Biden face à des républicains sous l'emprise de Trump et de ses théories du complot

  • 55% des partisans du Parti républicain pensent que la défaite de Trump en novembre est le résultat d'une élection truquée
  • Les élections de 2022 aiguisent les appétits des républicains, mais rien ne permet d'affirmer qu’avec ses 36 années au Sénat, Biden pourra sortir en « rassembleur »

WASHINGTON : Il multiplie les rencontres avec ses opposants: à la Maison Blanche, par vidéo ou sur le tarmac d'un aéroport.

Mais quelles que soient ses intentions - et ses calculs politiques - le président américain Joe Biden est dans une situation singulière.

Il est confronté à un parti républicain au garde-à-vous derrière Donald Trump et qui embrasse ses théories du complot, dont celle affirmant que le démocrate ne serait pas un président légitime.

« C'est vraiment sans précédent », estime Capri Cafaro, enseignante à l'American University et ancienne élue démocrate de l'Ohio.

« Dans l'histoire moderne, il est difficile de penser à un cas de figure qui s'approche ne serait-ce qu'un tout petit peu de celui-ci ».

Toute la semaine, Joe Biden, qui veut faire passer au Congrès ses gigantesques plans d'investissement, va multiplier les appels à l'unité.

Mardi, il rencontre - par écrans interposés - des gouverneurs des deux bords.

Mercredi, il accueille à la Maison Blanche les quatre leaders du Congrès: Nancy Pelosi, présidente démocrate de la Chambre, Chuck Schumer, président démocrate du Sénat, Kevin McCarthy, chef des républicains à la Chambre, et Mitch McConnell, chef des républicains au Sénat.

« Ils auront un échange pour identifier les possibles convergences sur la façon de travailler ensemble et apporter des réponses concrètes aux défis auxquels sont confrontées les familles américaines », a indiqué un responsable de la Maison Blanche.

Mais Joe Biden s'adressera aux responsables d'un parti dont 55% des partisans (selon le dernier sondage Reuters/Ipsos) pensent que la défaite de Donald Trump en novembre est le résultat d'une élection truquée.

Le fait qu'il n'existe pas l'ombre d'une preuve à l'appui de ces accusations ne change rien: ce que Biden appelle « le grand mensonge » fait partie intégrante du discours républicain.
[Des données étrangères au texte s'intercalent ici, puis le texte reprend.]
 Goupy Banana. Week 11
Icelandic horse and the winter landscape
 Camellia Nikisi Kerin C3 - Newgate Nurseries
Joe Biden lui-même pensait que les choses seraient différentes une fois Donald Trump parti de Washington.

« Vous verrez que la plupart de mes amis républicains auront une révélation soudaine », avait-il prédit.

 

« Culte de la personnalité »

Mais depuis son luxueux club de Mar-a-Lago, en Floride, le magnat de l'immobilier reste le personnage central - et redouté - du « Grand Old Party ».
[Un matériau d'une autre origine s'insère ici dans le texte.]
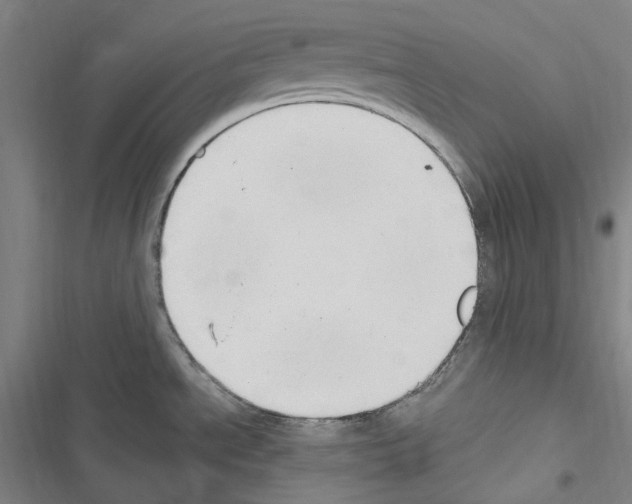 X0000116681534201001251249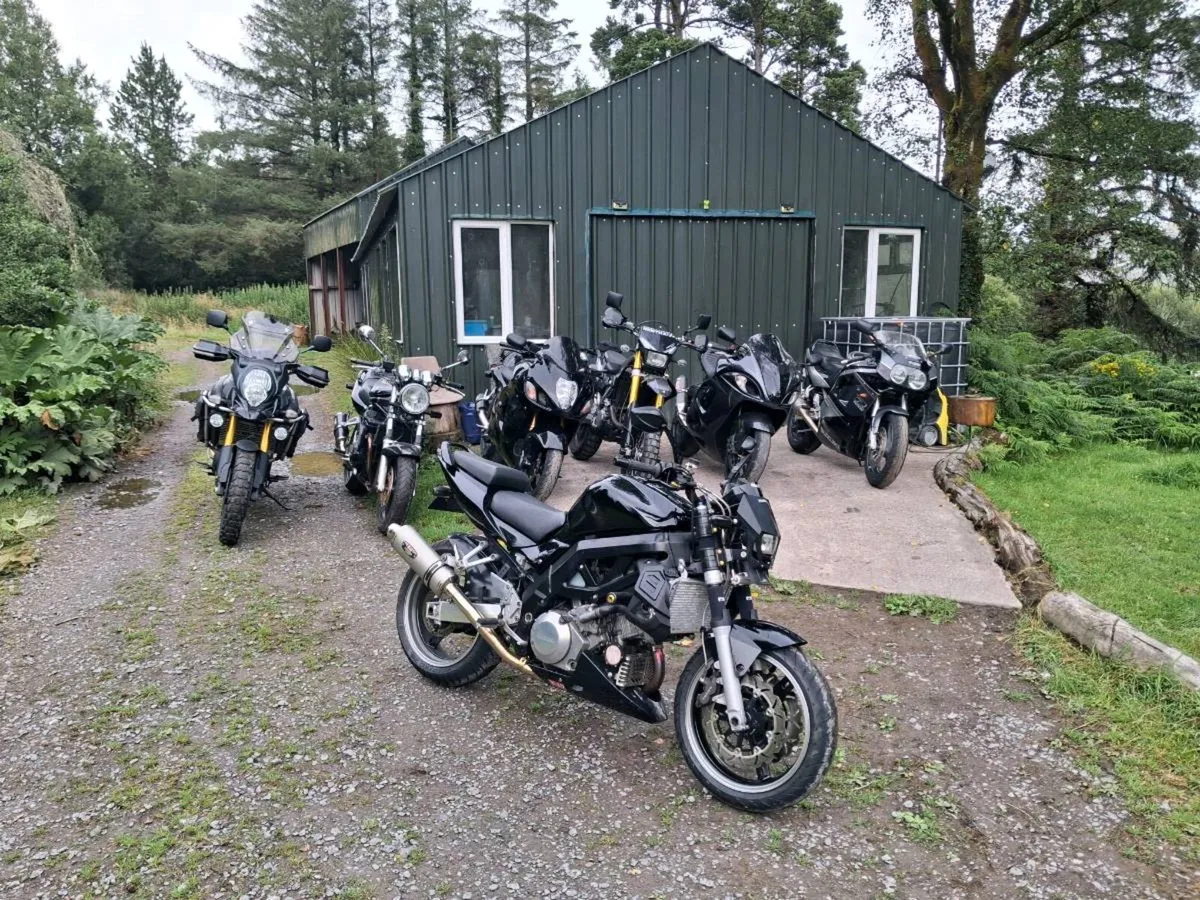 Suzuki sv1000 tl1000s tlr1000 naked /streetfigher - Image 2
Affirmer clairement que l'élection n'a pas été truquée, c'est, pour un élu républicain, s'exposer à ses foudres. Et, avec le jeu des primaires, risquer de perdre la nomination du parti à la prochaine échéance.

Liz Cheney, l'une des rares parlementaires de son parti à lui avoir tenu tête, dénonçant « un culte de la personnalité dangereux et anti-démocratique », s'apprête à perdre son poste de numéro trois des républicains à la Chambre des représentants.

Or c'est Kevin McCarthy - l'un des quatre ténors qui seront reçus mercredi dans le Bureau ovale - qui sera à la baguette pour cette punition publique.

Un ex-président revanchard et les théories du complot sur le scrutin du 3 novembre ne sont pas, loin s'en faut, les seuls obstacles auxquels Joe Biden est confronté dans sa volonté affichée de « rassembler l'Amérique ». Il doit aussi gérer son propre parti.

Sur les trois premiers mois de son mandat, il a réussi à maintenir l'unité de la famille démocrate dans un contexte de pandémie propice à l'union sacrée.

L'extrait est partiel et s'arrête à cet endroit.